- Born: 1949 (age 76–77)
- Occupation: Photographer
- Website: brucetalamon.com

= Bruce Talamon =

American photographer

Bruce Wayne Talamon (born 1949) is an American photographer. He is best known for photographing R&B and soul musicians during the 1970s and 1980s, and for his editorial work as a contract and stills photographer.

==Early life==
Born in Los Angeles in 1949, Talamon was the first of two sons born to James and Clelie Talamon. He began high school in 1963 at the all-boys Catholic Verbum Dei High School. Talmon studied political science at Whittier College in California. While studying abroad in Berlin, Germany in 1970, he bought his first camera, an Asahi Pentax, and went on to photograph Miles Davis and Dexter Gordon with it in Copenhagen during his time abroad. After graduating in 1971 with a Bachelor of Arts in political science, he forwent attending law school and instead decided to pursue a career as a photographer.

==Career==
=== R&B photography ===
After graduating from Whittier College, Talamon received an offer to work as a photographer at the 1972 Watts Festival in Los Angeles. Although he did not end up getting the job, he was able to secure a backstage pass, which allowed him the access needed to take pictures of some of the most notable R&B artists of that era. His photograph of Isaac Hayes was, according Talamon, "the first R&B photograph [he] ever took". It was also on that occasion that he met photographer Howard Bingham and, thanks to Bingham's introducing him to Soul Newspapers owner Regina Jones, began working as a contributing photographer, and later, photo editor.
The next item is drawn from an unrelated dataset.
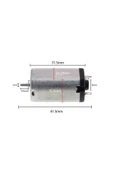 ARS Robotechnicals Rs180 Dc Motor 4-8v 6v 32000 Rpm Rs180 Dc 4-8v 6v Motor Yüksek Rpm Motor 32000 Rpm thumbnail 7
In 1974, Talamon expanded his client base to include Motown Records, his first corporate client. He was soon shooting publicity and editorial photographs for other record companies, including CBS Records. This same year, he also began working as a freelancer for Jet, Ebony, and Black Stars magazines. Over the span of his career, he shot such household names as Donna Summer, James Brown, Marvin Gaye, Bootsy Collins, and Chaka Khan.

=== Stills and editorial photography ===
Talamon started doing production stills photography in 1975. As a contract photographer for ABC Television, he worked on such shows as Laverne & Shirley, Taxi, American Bandstand, and Charlie's Angels and, in 1980, Don Cornelius hired him to be Soul Train’s stills photographer.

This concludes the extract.